* PROBLEM DETAILS *
Each line in the material below, starting at the one that contains "the prayers for cancer patients" and ending at the one that contains "Bragg Premium Nutritional", should be repeated exactly; the pictures should not.

* ENTRIES PROVIDED *
+ + + + +
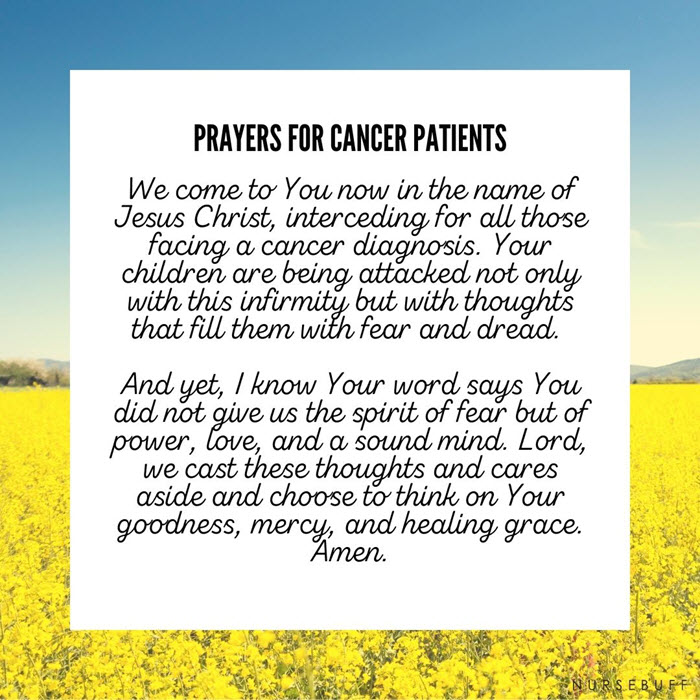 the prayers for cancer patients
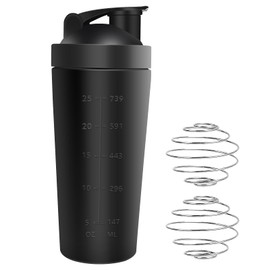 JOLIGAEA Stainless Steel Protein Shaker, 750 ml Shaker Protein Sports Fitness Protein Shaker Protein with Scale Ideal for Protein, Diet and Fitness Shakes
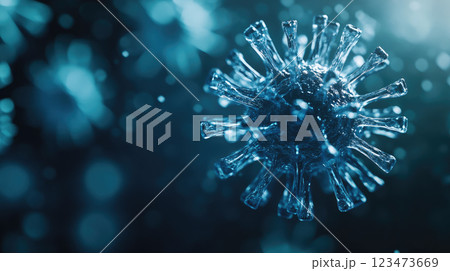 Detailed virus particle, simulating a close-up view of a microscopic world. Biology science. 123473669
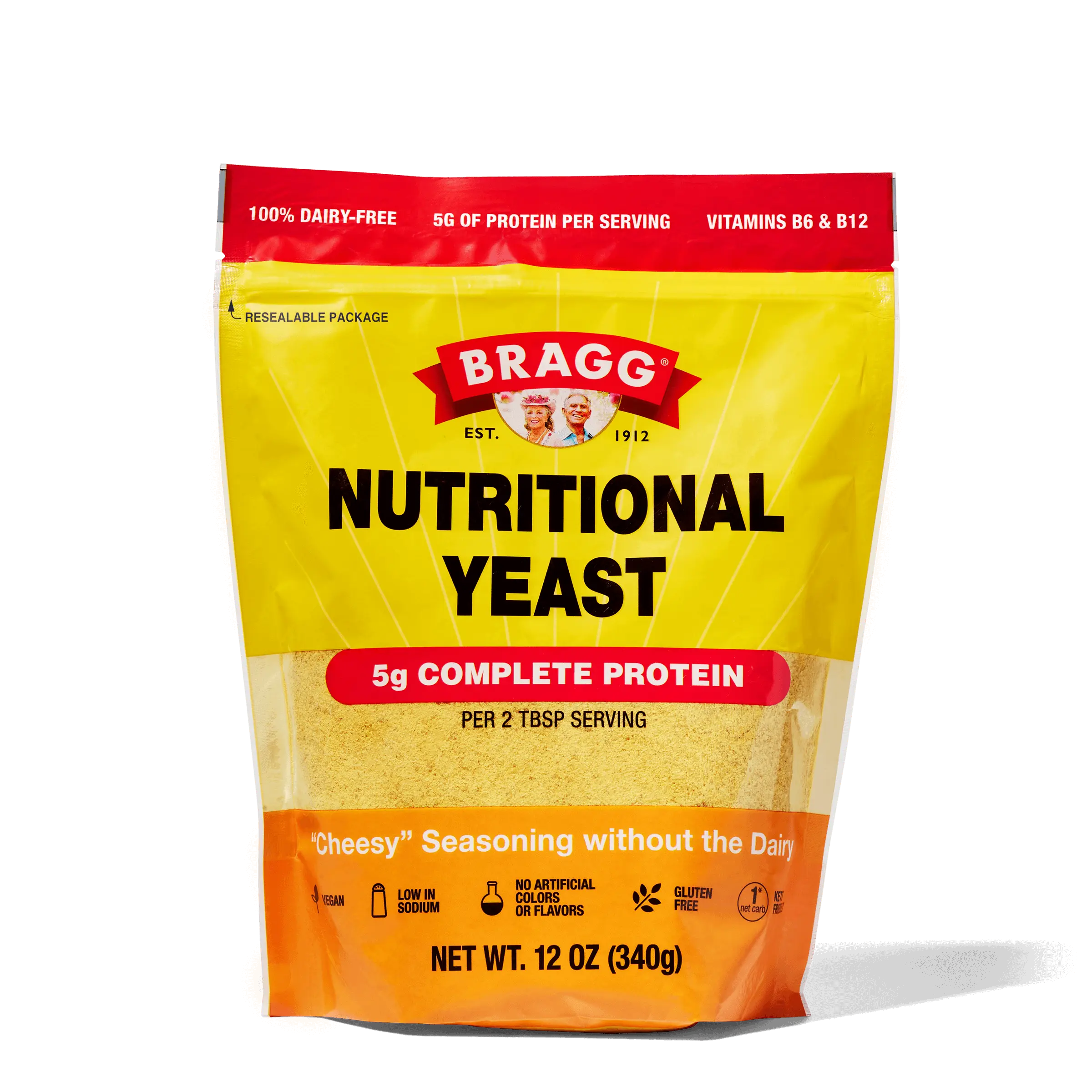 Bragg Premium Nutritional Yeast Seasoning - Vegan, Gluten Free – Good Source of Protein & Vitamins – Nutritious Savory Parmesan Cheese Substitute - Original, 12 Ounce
+ + + + +
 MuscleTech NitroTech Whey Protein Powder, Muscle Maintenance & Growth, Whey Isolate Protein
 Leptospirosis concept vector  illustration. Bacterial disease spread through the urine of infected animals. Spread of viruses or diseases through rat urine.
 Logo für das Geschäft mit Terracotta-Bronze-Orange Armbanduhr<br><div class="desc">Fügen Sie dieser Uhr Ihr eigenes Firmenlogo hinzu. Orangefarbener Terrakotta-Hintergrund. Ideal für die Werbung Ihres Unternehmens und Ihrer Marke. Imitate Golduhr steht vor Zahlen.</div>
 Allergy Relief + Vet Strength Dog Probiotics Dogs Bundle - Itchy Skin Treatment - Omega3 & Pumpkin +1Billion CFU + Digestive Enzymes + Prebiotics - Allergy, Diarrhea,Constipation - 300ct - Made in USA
+ + + + +
* FINAL ANSWER *
 the prayers for cancer patients
 JOLIGAEA Stainless Steel Protein Shaker, 750 ml Shaker Protein Sports Fitness Protein Shaker Protein with Scale Ideal for Protein, Diet and Fitness Shakes
 Detailed virus particle, simulating a close-up view of a microscopic world. Biology science. 123473669
 Bragg Premium Nutritional Yeast Seasoning - Vegan, Gluten Free – Good Source of Protein & Vitamins – Nutritious Savory Parmesan Cheese Substitute - Original, 12 Ounce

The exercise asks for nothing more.